■ TASK DESCRIPTION ■
The listing below holds pictures; exclude them. Return exactly the lines from the one with "Sprzedam dwie donice ogrodowe." through the one with "Ravenstone Manor Hotel 4*".

■ RECORD EXCERPTS ■
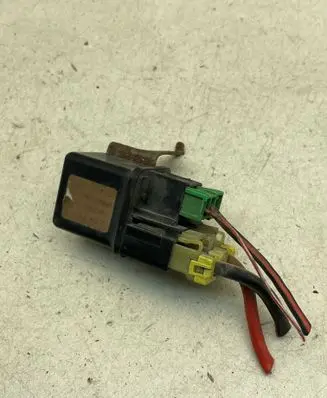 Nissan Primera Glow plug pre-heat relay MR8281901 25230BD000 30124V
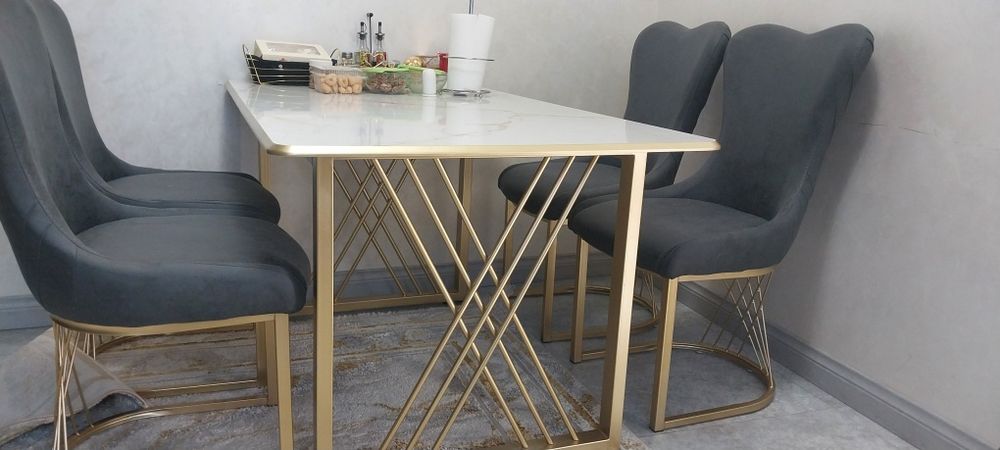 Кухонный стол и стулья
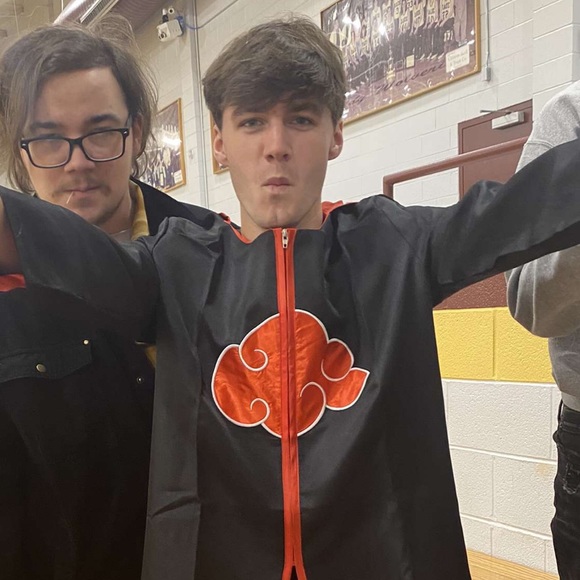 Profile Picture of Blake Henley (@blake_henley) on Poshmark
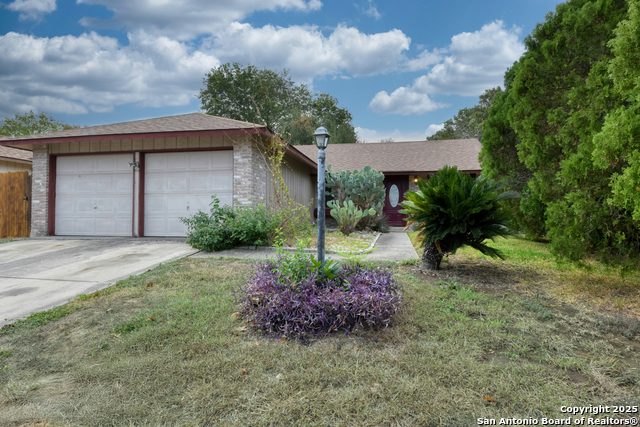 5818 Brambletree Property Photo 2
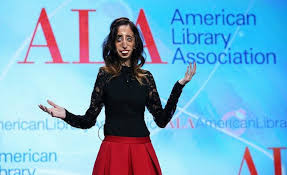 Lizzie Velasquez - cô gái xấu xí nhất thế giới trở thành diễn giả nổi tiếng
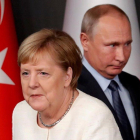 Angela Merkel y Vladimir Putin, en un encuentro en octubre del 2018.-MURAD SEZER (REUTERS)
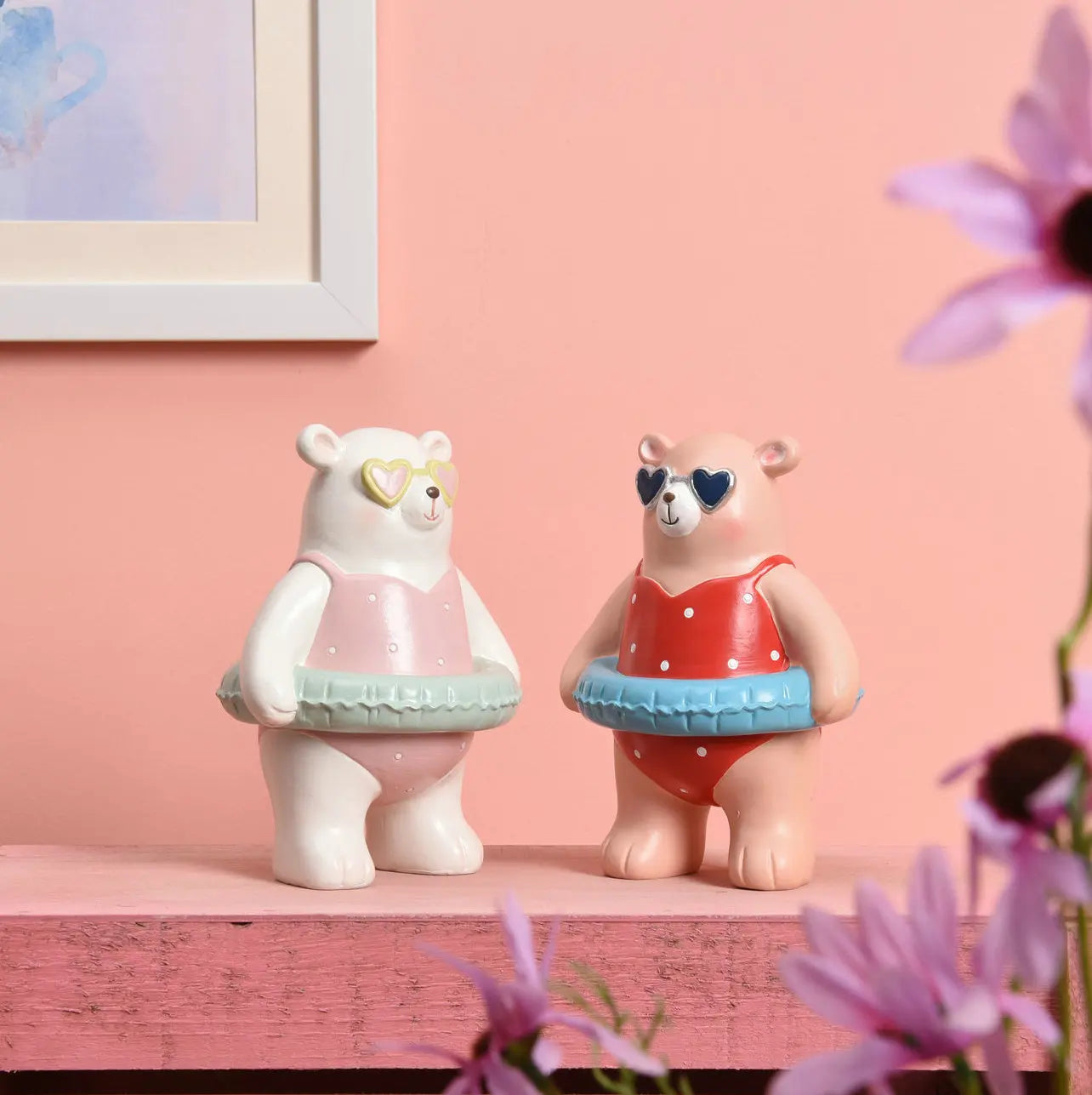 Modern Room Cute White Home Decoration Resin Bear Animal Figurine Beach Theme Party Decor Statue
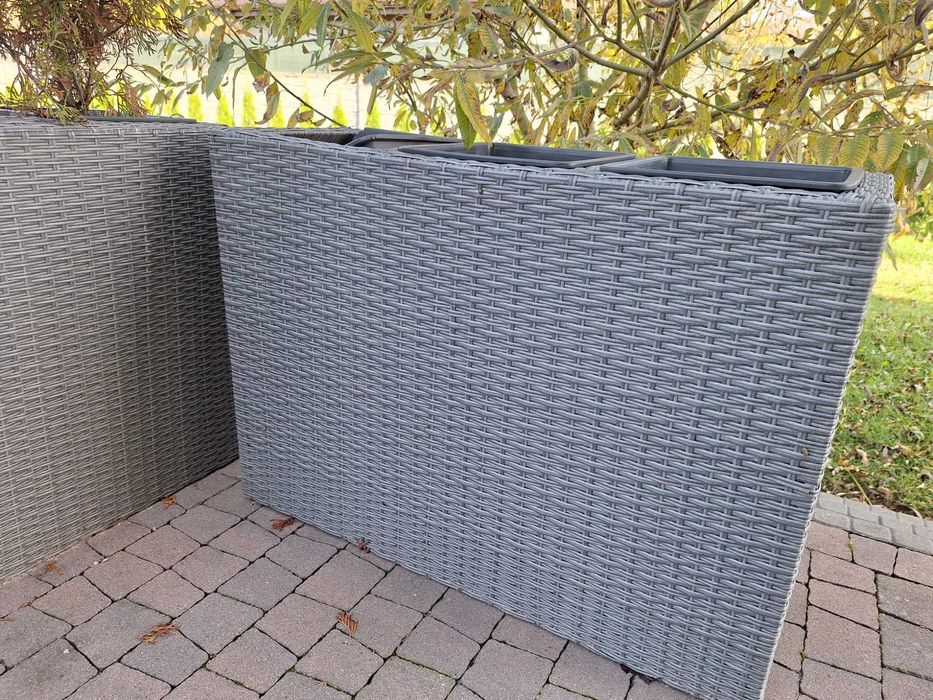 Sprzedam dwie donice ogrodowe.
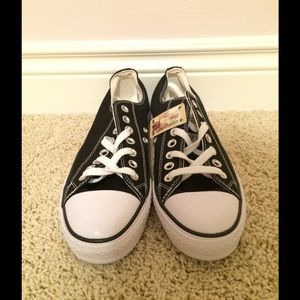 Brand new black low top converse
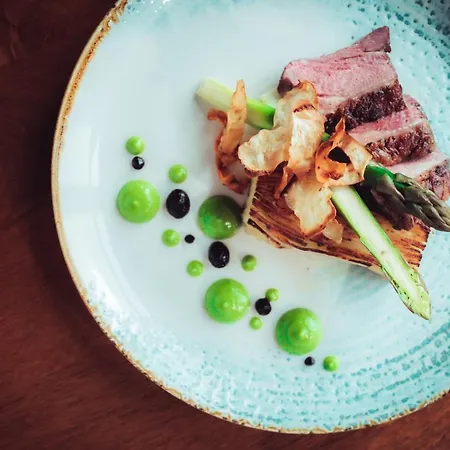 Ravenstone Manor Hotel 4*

...

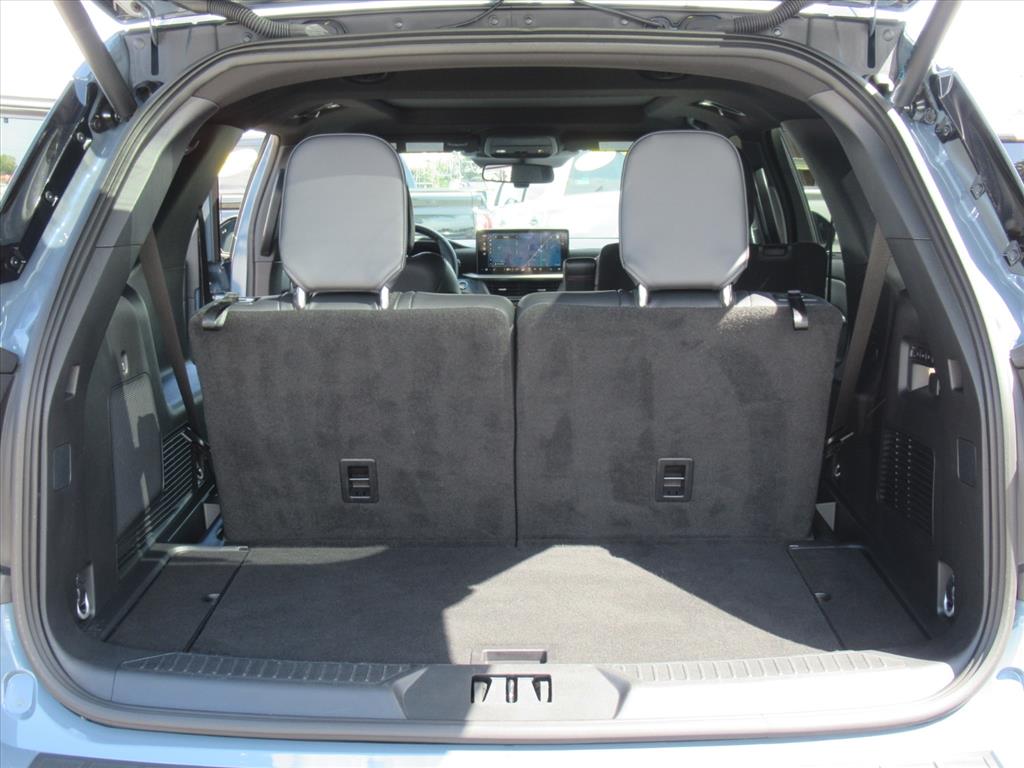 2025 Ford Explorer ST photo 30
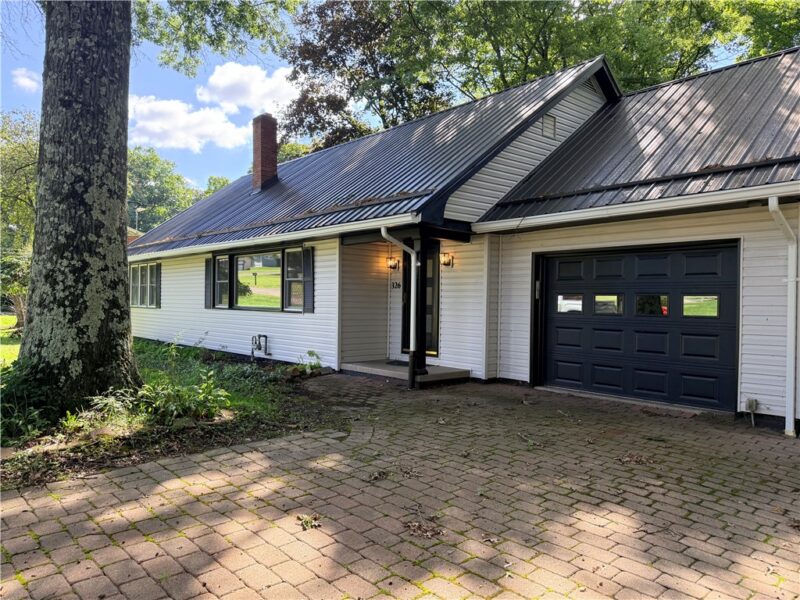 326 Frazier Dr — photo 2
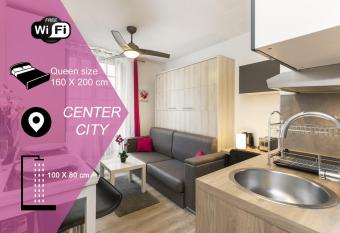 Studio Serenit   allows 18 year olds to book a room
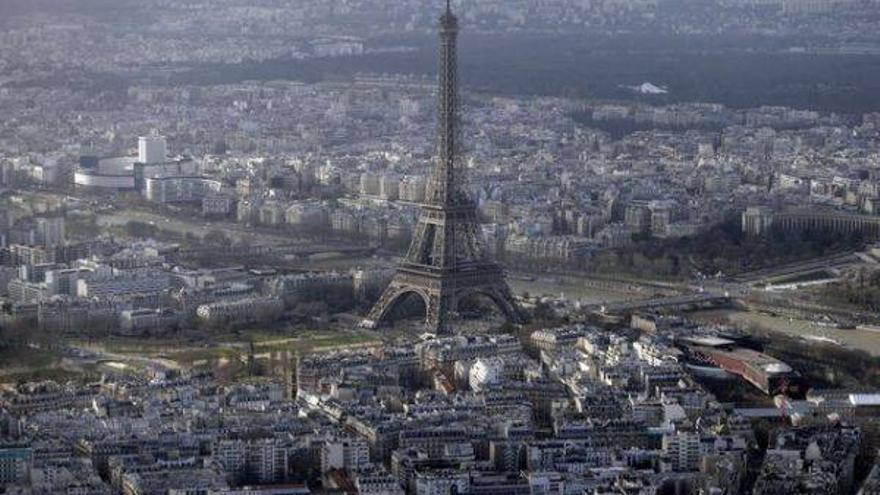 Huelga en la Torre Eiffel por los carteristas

==

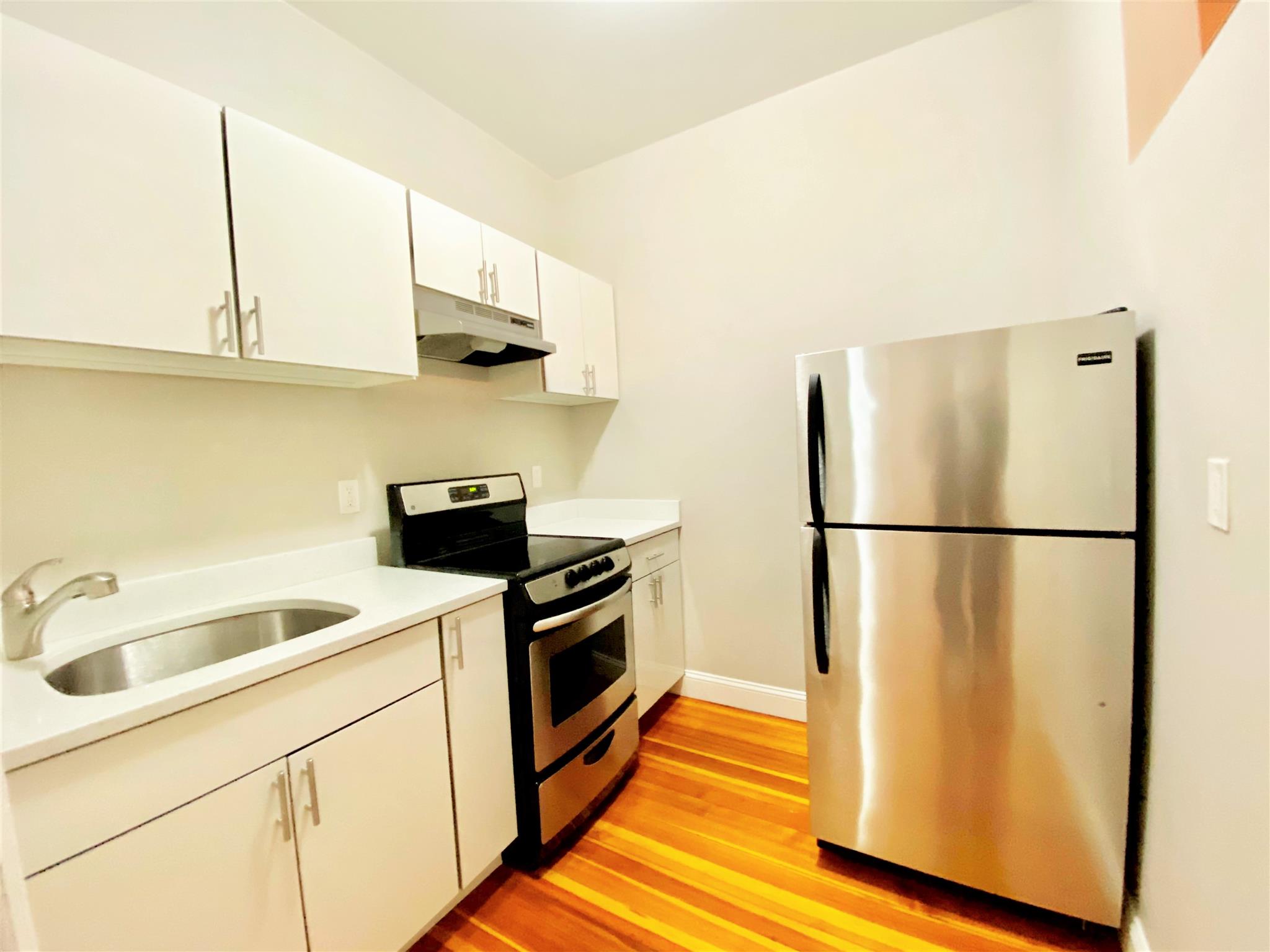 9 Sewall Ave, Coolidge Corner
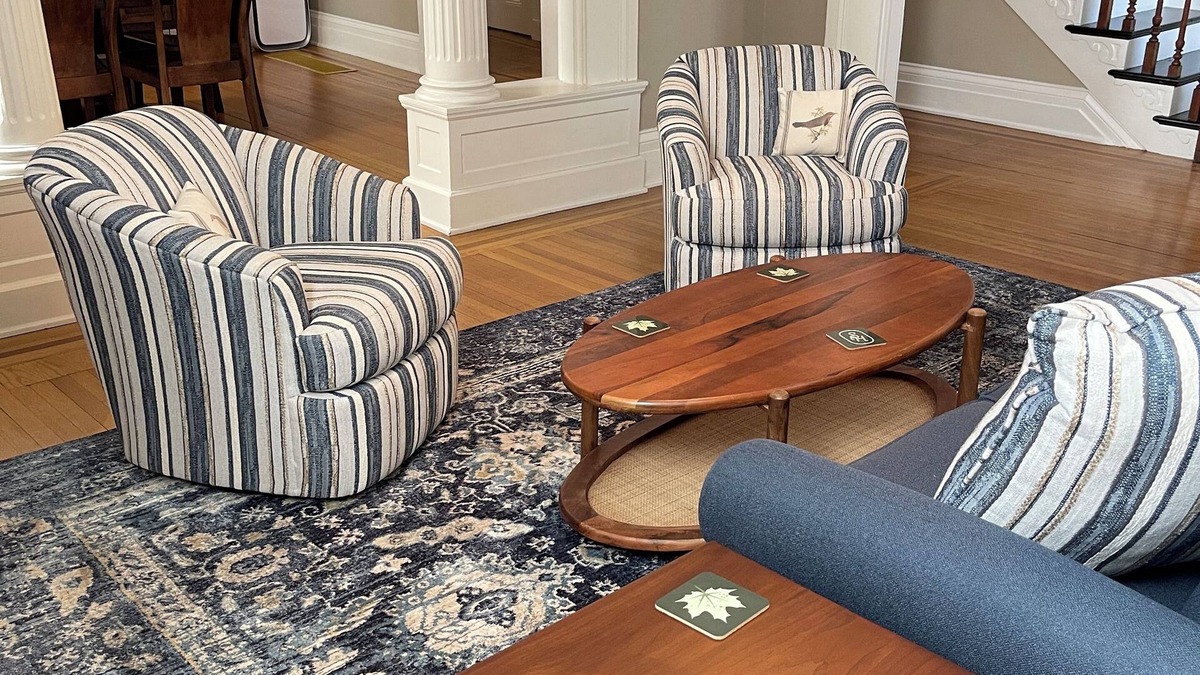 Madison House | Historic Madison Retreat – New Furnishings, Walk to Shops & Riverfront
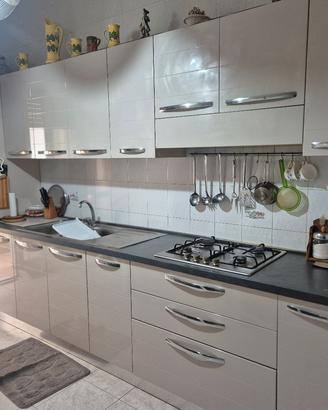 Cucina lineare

■ PROBLEM SOLUTION ■
 Sprzedam dwie donice ogrodowe.
 Brand new black low top converse
 Ravenstone Manor Hotel 4*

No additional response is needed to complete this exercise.